Lima menit kami berpikir keras akan pindah tempat persembunyian di mana, belum juga menemukan jawabannya.
“Kalau ruang seni gimana?” Aku mencoba memberi usul.
April menggeleng. “Nggak mungkin. Itu lantai bawah. Ini untuk menghindar dari anak-anak yang tadi di kantin bawah. Kita harus cari ruang di lorong lantai atas. Lagian ruang seni pasti ramai.” April menjelaskan dengan seksama dan serius. Sudah seperti dictator yang sedang merencanakan perang, mengatur strategi pasukan, menata tempat yang akan diserbu saja.
“Terus di mana dong?” tanyaku menyerah pasrah.
“Kalau perpustakan lantai atas bagaimana, Kak?” Tiba-tiba Laura membuka suara, memberi saran yang ternyata langsung disetujui April.
“Ide yang bagus. Acara seperti ini siapa yang bakal kepikiran buat ke perpus, kan?” April berseru semangat. Aku mengangguk menyetujui.
“Sekarang, nih?” tanyaku memastikan kapan kami akan bergerak.
“Kita tunggu mereka lengah. Kalau pas lagi ramai-ramainya teriakan, kita langsung keluar. Cari anak tangga buat naik ke lantai atas. Mengerti?” April benar-benar sudah seperti pemimpin dalam insiden ini.
Aku lagi-lagi hanya mengangguk, sumpek dengan hawa toilet, ingin segera keluar. Lima menit lagi kami menunggu acara di depan berlangsung heboh. April di depan memandu aku dan Laura keluar, mencari jalan, Laura berada di barisan tengah, dan aku sendiri yang di belakang, bertugas mengawasi keadaan. Lapangan benar-benar lagi heboh, drama treater di atas panggung mampu membawa seluruh penonton terbawa perasaan.
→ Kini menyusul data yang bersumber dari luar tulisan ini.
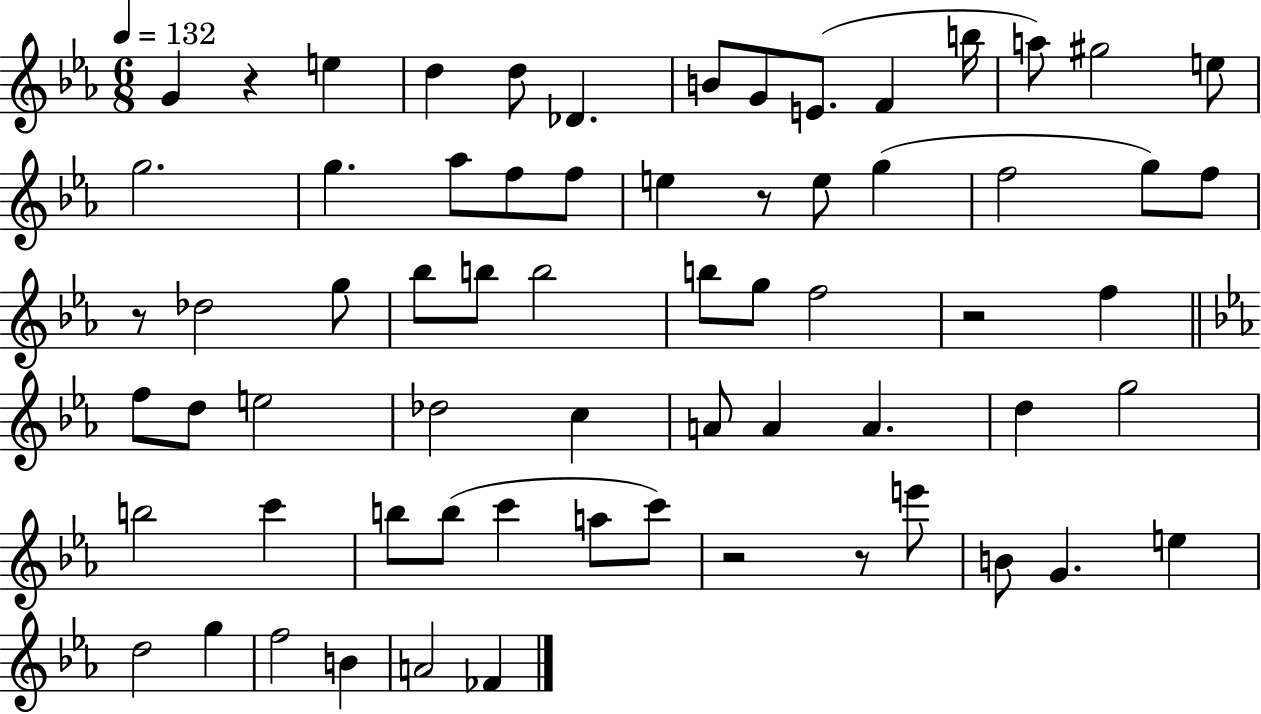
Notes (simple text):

G4/q R/q E5/q D5/q D5/e Db4/q. B4/e G4/e E4/e. F4/q B5/s A5/e G#5/h E5/e G5/h. G5/q. Ab5/e F5/e F5/e E5/q R/e E5/e G5/q F5/h G5/e F5/e R/e Db5/h G5/e Bb5/e B5/e B5/h B5/e G5/e F5/h R/h F5/q F5/e D5/e E5/h Db5/h C5/q A4/e A4/q A4/q. D5/q G5/h B5/h C6/q B5/e B5/e C6/q A5/e C6/e R/h R/e E6/e B4/e G4/q. E5/q D5/h G5/q F5/h B4/q A4/h FES4/q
Adegan yang diperankan tentang drama percintaan, beberapa murid berteriak histeris, sisanya lagi menatap terhipnotis. Pemainnya sendiri juga merupakan pasangan fenomenal dari angkatanku—angkatan kelas 9. Moment seperti itu mereka lengah, tidak akan sadar kami bertiga yang tadi menjadi perbincangan di kantin, membuat keributan, memancing segerombolan laki-laki karena membawa Laura bersama kami. Kami mengambil jalan belakang dari penonton, berpura-pura ikut menikmati reka adegan yang sedang berlangsung, sedikit demi sedikit bergeser, tidak lupa dengan mata yang selalu awas, siapa tahu gerombolan anak laki-laki di kantin tadi mengikuti, atau para geng perkepoan mengawasi keberadaan.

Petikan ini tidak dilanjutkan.